━━ Records for this exercise ━━
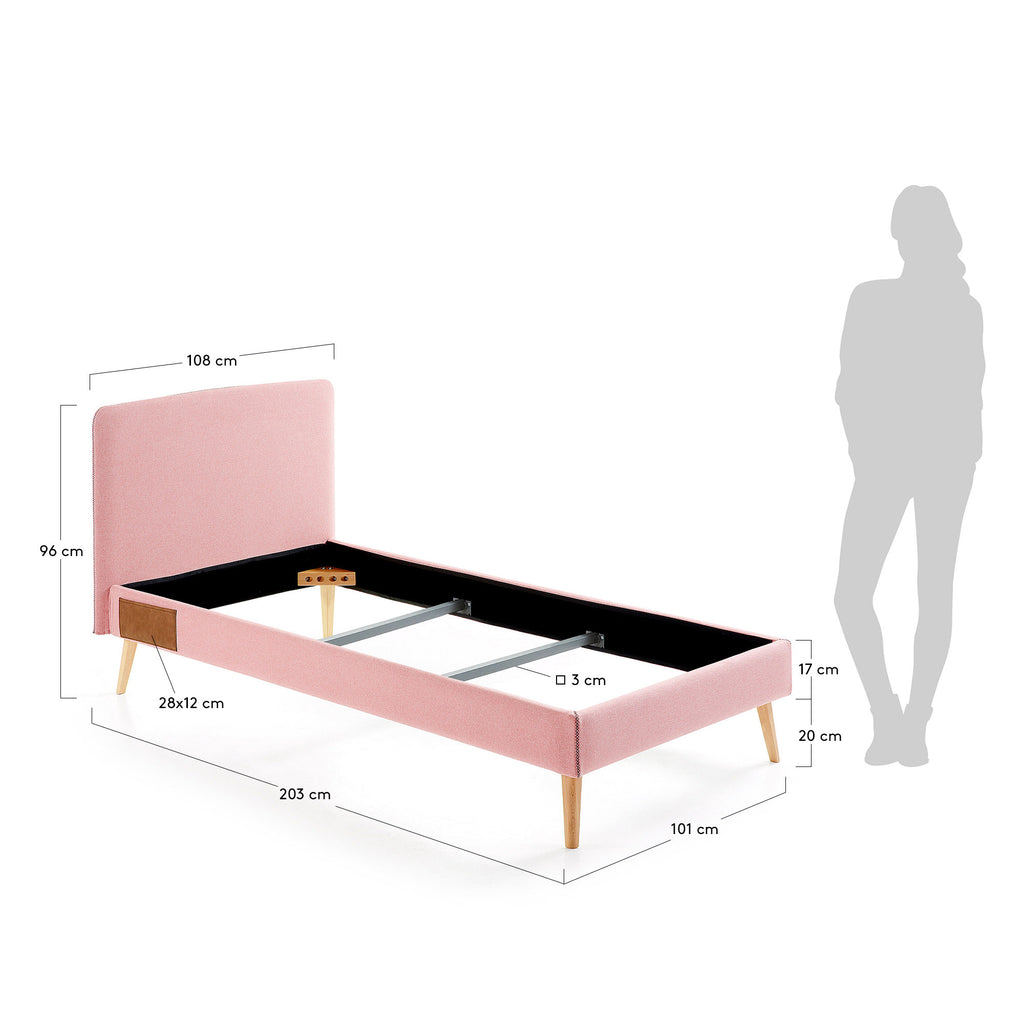 Lit déhoussable Dyla rose avec pieds en bois de hêtre pour matelas de 90 x 190 cm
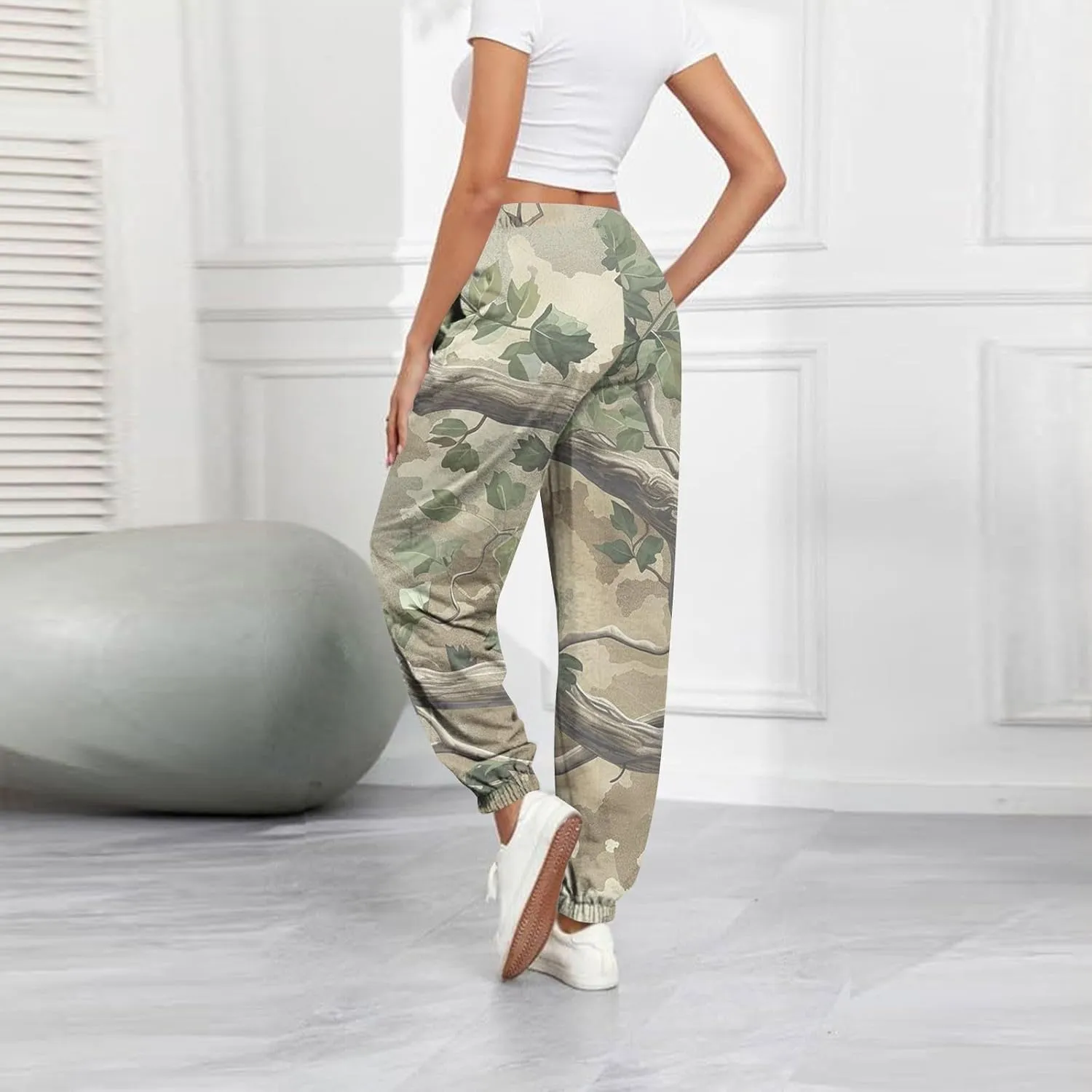 Tapered Fitness Holiday Slacks Ladies Casual High Waist Joggers Womens Print Fitted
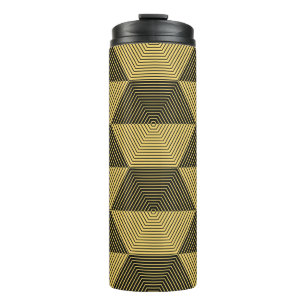 Abstract geometric background. Hexagonal mesh with Thermal Tumbler
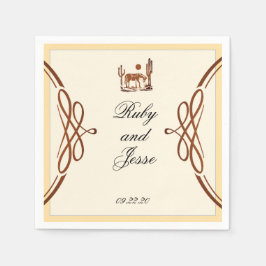 Stijlvolle Westerne donkerbruine bruiloft Servet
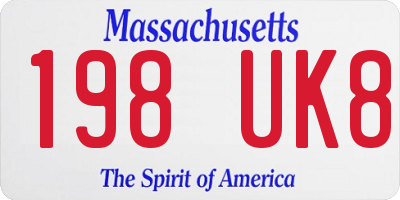 MA license plate 198UK8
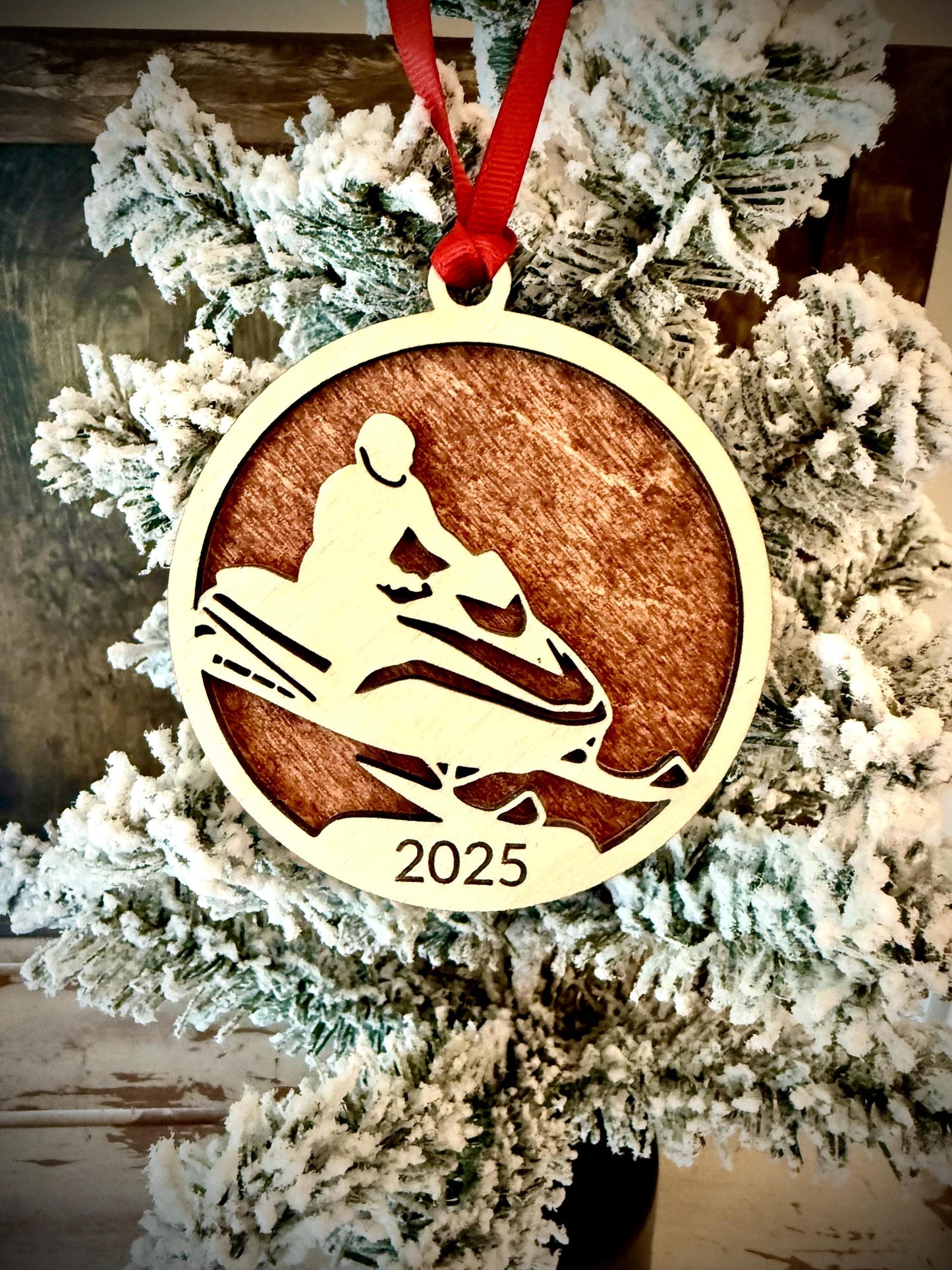 Snowmobiler Personalized 2-Layer Wood Christmas Ornament & Gift Tag | Multiple Finishes | Winter Sport Gift
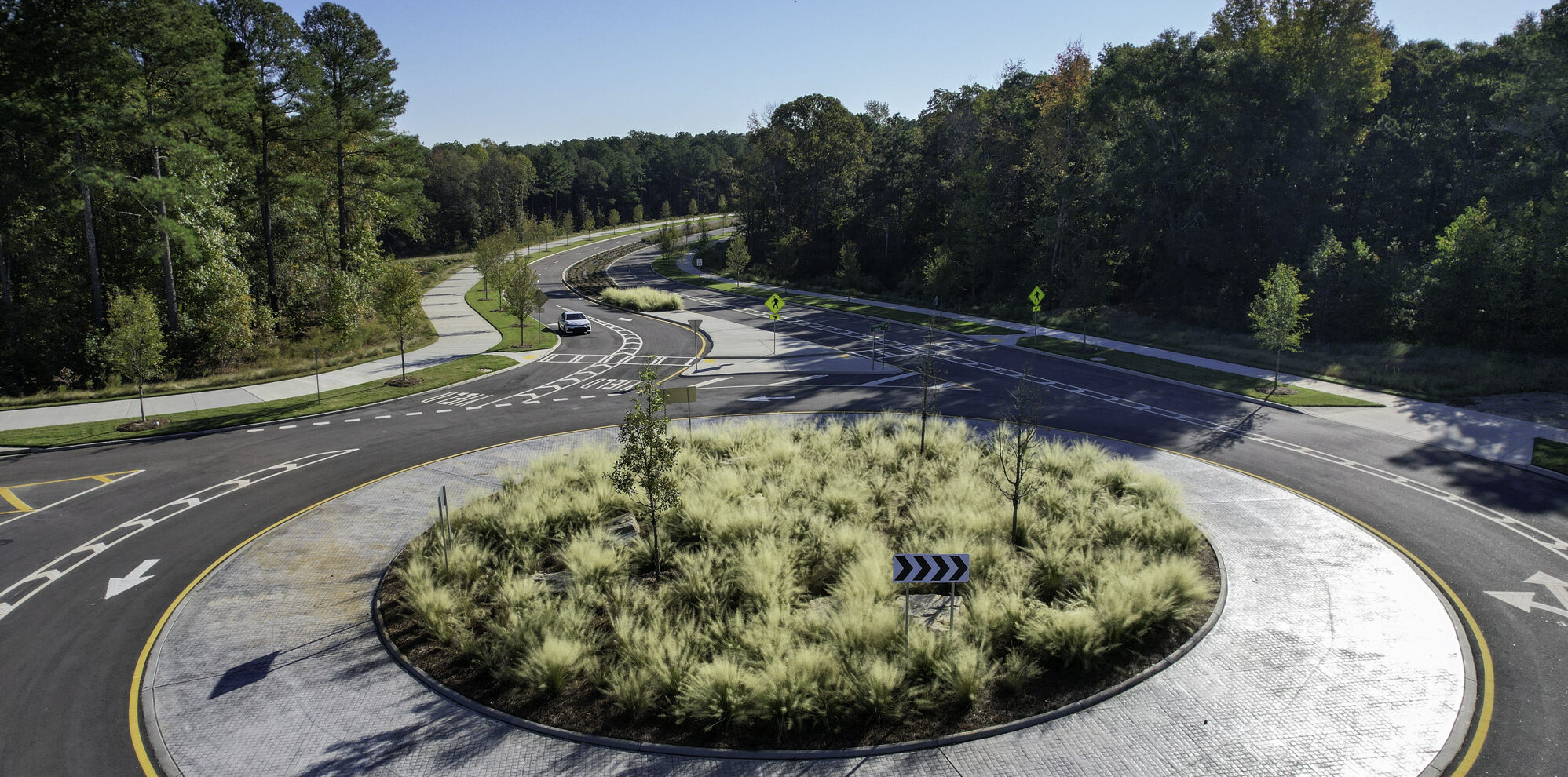 Street with a roundabout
━━━
Nothing but the lines from the one containing "Stijlvolle Westerne donkerbruine" through the last line of the material may appear in the answer, transcribed exactly and with no pictures.

 Stijlvolle Westerne donkerbruine bruiloft Servet
 MA license plate 198UK8
 Snowmobiler Personalized 2-Layer Wood Christmas Ornament & Gift Tag | Multiple Finishes | Winter Sport Gift
 Street with a roundabout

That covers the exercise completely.